Work with Data

Although it’s fairly common to work with data on their local file system, in an enterprise environment it can be more effective to store the data in a central location where multiple data scientists and machine learning engineers can access it.

In this exercise, you’ll explore datastores and datasets, which are the primary objects used to abstract data access in Azure Machine Learning.

Before You start

If you have not already done so, complete the Create an Azure Machine Learning Workspace exercise to create an Azure Machine Learning workspace and compute instance, and clone the notebooks required for this exercise.

Open Jupyter

While you can use the Notebooks page in Azure Machine Learning studio to run notebooks, it’s often more productive to use a more fully-featured notebook development environment like Jupyter.

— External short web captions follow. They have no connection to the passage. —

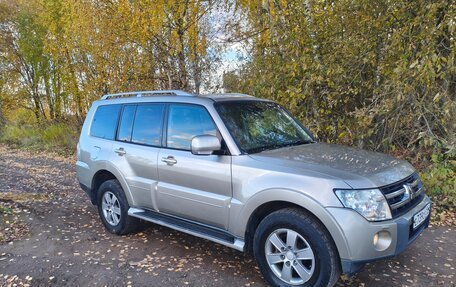 Mitsubishi Pajero IV, 2007 год, 1 159 000 рублей, 2 фотография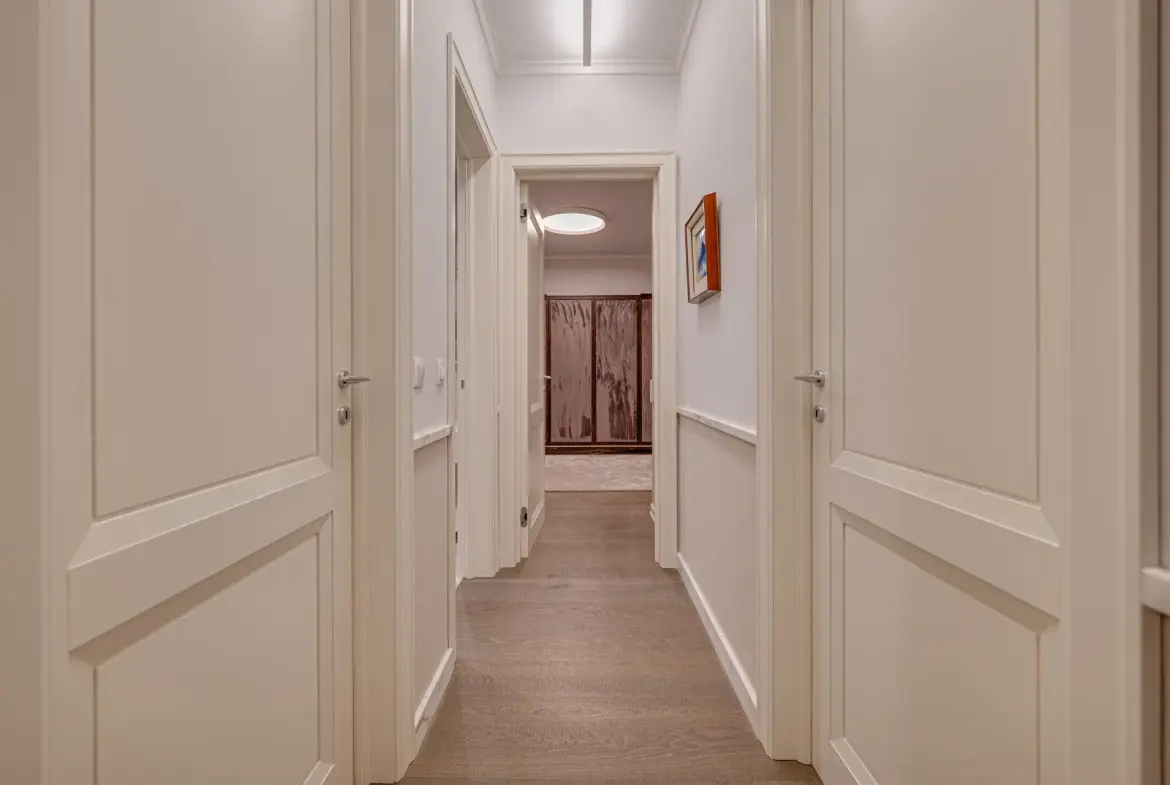 Designer apartment in an iconic building with a parking space included in the price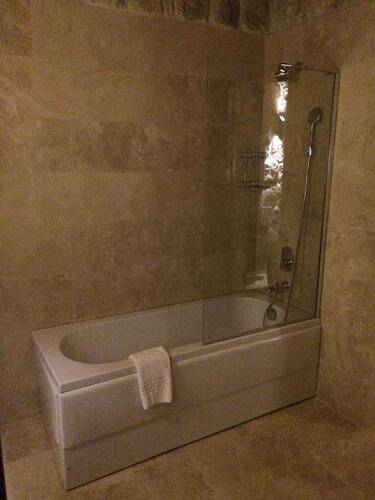 Acropolis Cave Suite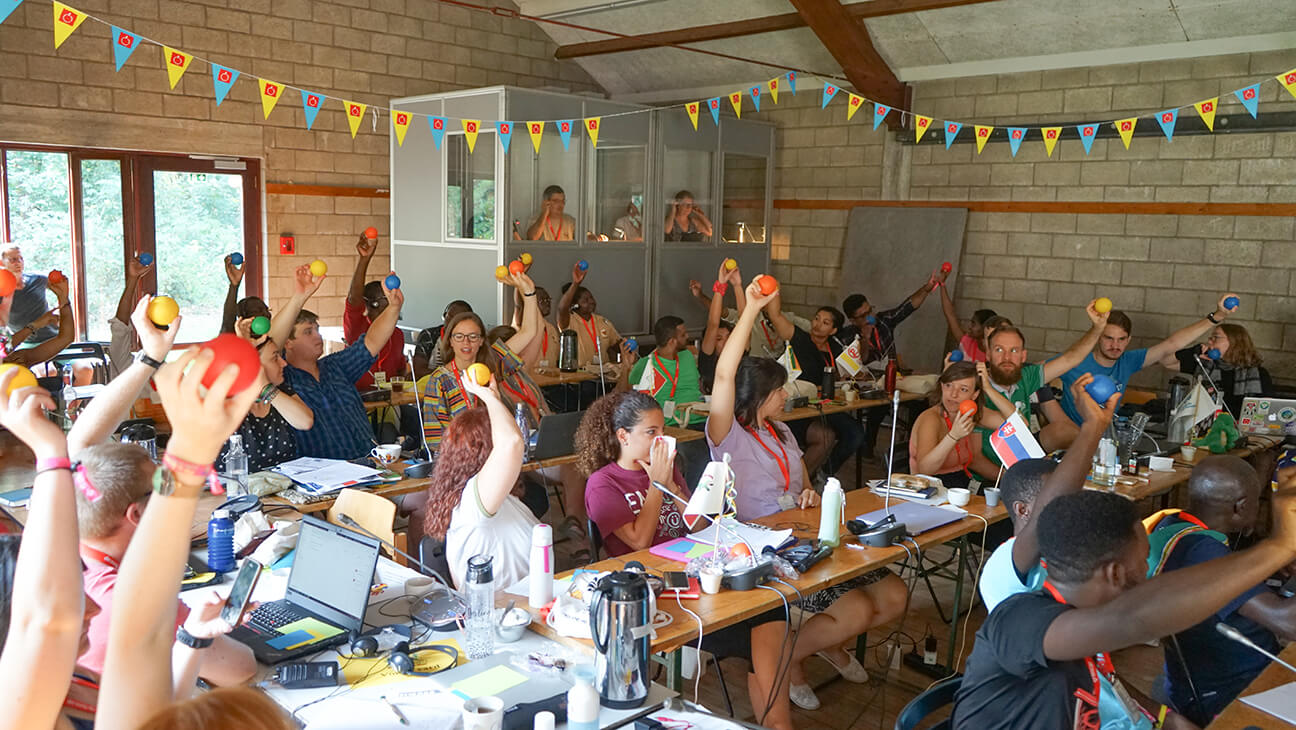 Groep mensen in De Aanstokerij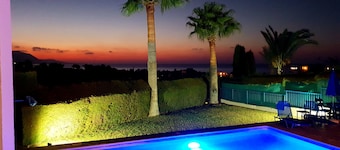 Chriseleni Latchi Villas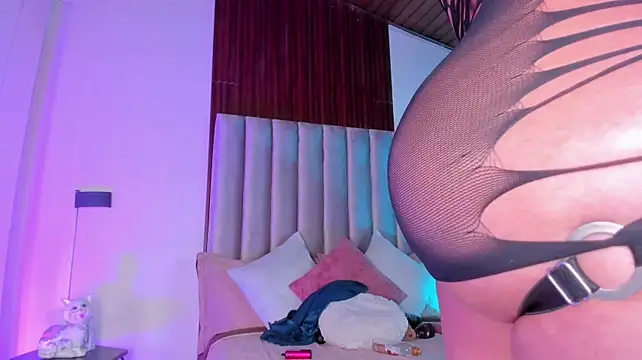 Laurenpeace23 - clap ass oil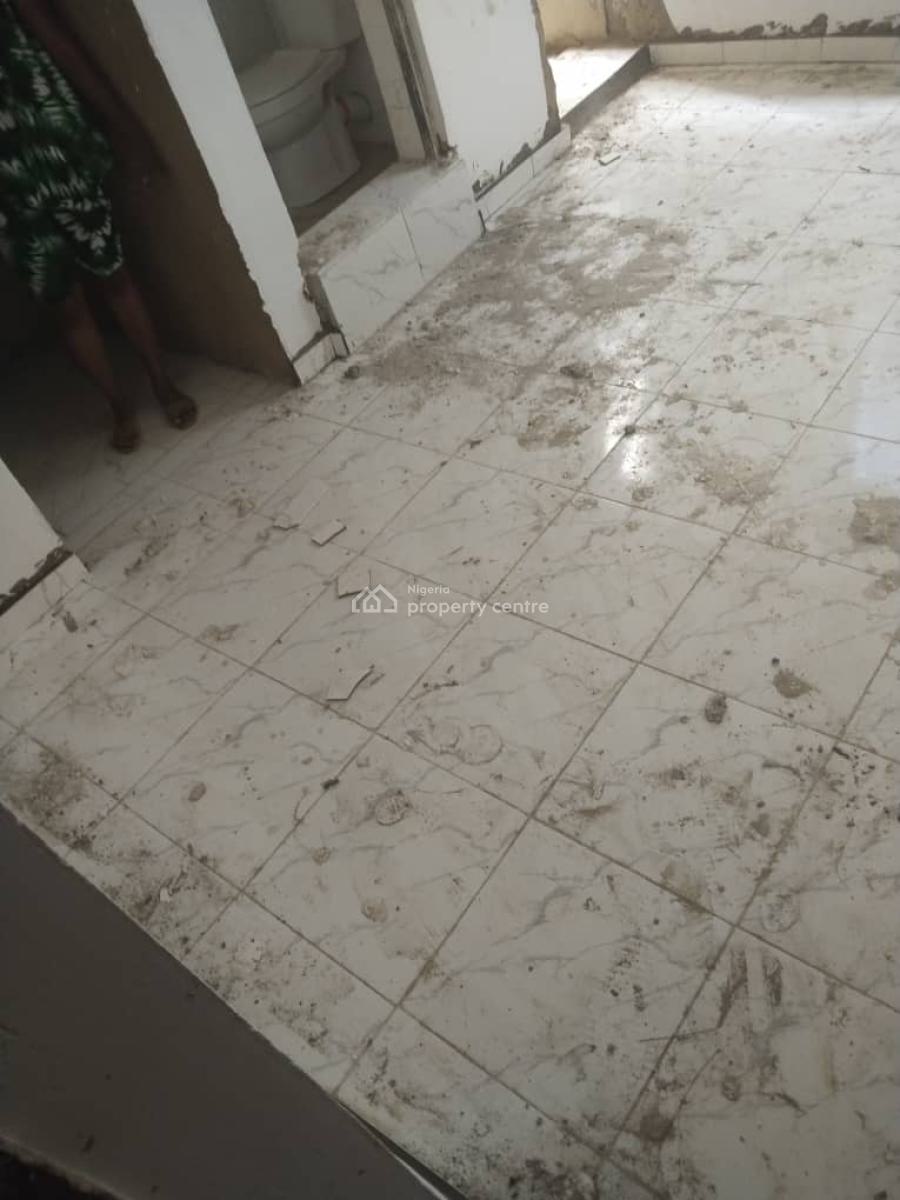 Standard Room Self Contain Upstairs, Fadeyi Waec Yabatech, Yaba, Lagos, Self Contain (single Rooms) for Rent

  1. In Azure Machine Learning studio, view the Compute page for your workspace; and on the Compute Instances tab, start your compute instance if it is not already running.
  2. When the compute instance is running, click the Jupyter link to open the Jupyter home page in a new browser tab.

Work with datastores and datasets

In this exercise, the code to work with data is provided in a notebook.

  1. In the Jupyter home page, browse to the /users/your-user-name/mslearn-dp100 folder where you cloned the notebook repository, and open the Work with Data notebook.
  2. Then read the notes in the notebook, running each code cell in turn.
  3. When you have finished running the code in the notebook, on the File menu, click Close and Halt to close it and shut down its Python kernel. Then close all Jupyter browser tabs.

Clean-up

If you’re finished working with Azure Machine Learning for now, in Azure Machine Learning studio, on the Compute page, on the Compute Instances tab, select your compute instance and click Stop to shut it down. Otherwise, leave it running for the next lab.

Note: Stopping your compute ensures your subscription won’t be charged for compute resources. You will however be charged a small amount for data storage as long as the Azure Machine Learning workspace exists in your subscription. If you have finished exploring Azure Machine Learning, you can delete the Azure Machine Learning workspace and associated resources. However, if you plan to complete any other labs in this series, you will need to repeat the Create an Azure Machine Learning Workspace exercise to create the workspace and prepare the environment first.